NASA’s Kepler spacecraft is in trouble — far, far away.
The telescope that searches for habitable planets in outer space went into emergency mode 75 million miles away from home, leaving engineers scrambling.
Mission engineers discovered Kepler was in distress during a scheduled contact Thursday. In emergency mode, Kepler burns through its power supply faster, making recovering it a priority.
“Emergency mode is the lowest operational mode and is fuel intensive,” NASA said.
Delayed response
Fixing the telescope is a challenge at such a far distance. Kepler’s signals don’t travel instantaneously, which slows down communication with ground command.
“Even at the speed of light, it takes 13 minutes for a signal to travel to the spacecraft and back,” NASA said.
Earth’s older cousin
Since NASA launched the Kepler telescope in 2009, it’s been one busy spacecraft.
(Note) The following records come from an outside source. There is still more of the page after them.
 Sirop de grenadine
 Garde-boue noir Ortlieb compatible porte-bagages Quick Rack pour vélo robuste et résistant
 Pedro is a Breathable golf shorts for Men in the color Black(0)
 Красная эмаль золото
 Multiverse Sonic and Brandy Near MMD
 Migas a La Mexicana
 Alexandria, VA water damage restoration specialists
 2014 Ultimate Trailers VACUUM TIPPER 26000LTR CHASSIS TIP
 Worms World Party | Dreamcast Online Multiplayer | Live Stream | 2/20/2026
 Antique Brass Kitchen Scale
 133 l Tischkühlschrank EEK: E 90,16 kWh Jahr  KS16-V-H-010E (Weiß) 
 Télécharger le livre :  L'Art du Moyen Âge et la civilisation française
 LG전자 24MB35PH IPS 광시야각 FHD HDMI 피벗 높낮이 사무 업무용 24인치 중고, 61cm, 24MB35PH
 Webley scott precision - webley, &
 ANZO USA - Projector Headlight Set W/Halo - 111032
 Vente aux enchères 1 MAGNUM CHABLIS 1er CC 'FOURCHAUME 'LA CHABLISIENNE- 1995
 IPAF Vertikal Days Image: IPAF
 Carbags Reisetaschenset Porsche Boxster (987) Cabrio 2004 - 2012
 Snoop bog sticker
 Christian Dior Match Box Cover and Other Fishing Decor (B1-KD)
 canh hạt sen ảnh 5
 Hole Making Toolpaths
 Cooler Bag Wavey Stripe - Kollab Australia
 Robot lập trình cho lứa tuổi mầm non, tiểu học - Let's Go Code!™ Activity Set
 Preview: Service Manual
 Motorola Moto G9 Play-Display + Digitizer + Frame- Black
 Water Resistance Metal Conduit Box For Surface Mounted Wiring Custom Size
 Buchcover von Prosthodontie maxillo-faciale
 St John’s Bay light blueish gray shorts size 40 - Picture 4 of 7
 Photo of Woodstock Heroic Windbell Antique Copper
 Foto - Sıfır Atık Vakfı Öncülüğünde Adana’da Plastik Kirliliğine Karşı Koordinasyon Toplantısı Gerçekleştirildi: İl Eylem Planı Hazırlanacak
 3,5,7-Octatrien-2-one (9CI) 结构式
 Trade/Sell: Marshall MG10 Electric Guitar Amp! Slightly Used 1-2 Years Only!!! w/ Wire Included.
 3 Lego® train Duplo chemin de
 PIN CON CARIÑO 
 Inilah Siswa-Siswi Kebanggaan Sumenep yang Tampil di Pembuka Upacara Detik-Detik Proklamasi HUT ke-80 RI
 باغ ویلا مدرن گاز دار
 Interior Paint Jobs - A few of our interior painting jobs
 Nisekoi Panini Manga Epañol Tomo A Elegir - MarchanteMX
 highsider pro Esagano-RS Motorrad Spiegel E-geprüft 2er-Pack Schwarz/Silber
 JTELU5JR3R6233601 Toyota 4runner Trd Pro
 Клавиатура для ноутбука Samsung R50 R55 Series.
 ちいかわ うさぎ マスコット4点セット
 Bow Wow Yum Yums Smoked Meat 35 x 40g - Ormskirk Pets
Its goal is to survey the Milky Way to determine how many stars in our galaxy might have habitable planets, according to NASA.
So many exoplanets
Exoplanets — or planets orbiting other stars — are a dime a dozen. But Kepler goes the extra mile to determine whether they are habitable.
Just last year, the Kepler mission confirmed a planet in the “habitable zone” around a sun-like star — which NASA referred to as Earth’s older cousin.
Two missions
During its first mission completed in 2012, Kepler detected nearly 5,000 exoplanets. More than 1,000 have been confirmed, according to NASA.
Two years ago, NASA began Kepler’s second mission.
Under this mission, it searches for exoplanets and research opportunities to study young stars and other astronomical objects.
Kepler is not new at this trouble thing. In 2012, it lost one of its four wheels used for balancing the spacecraft.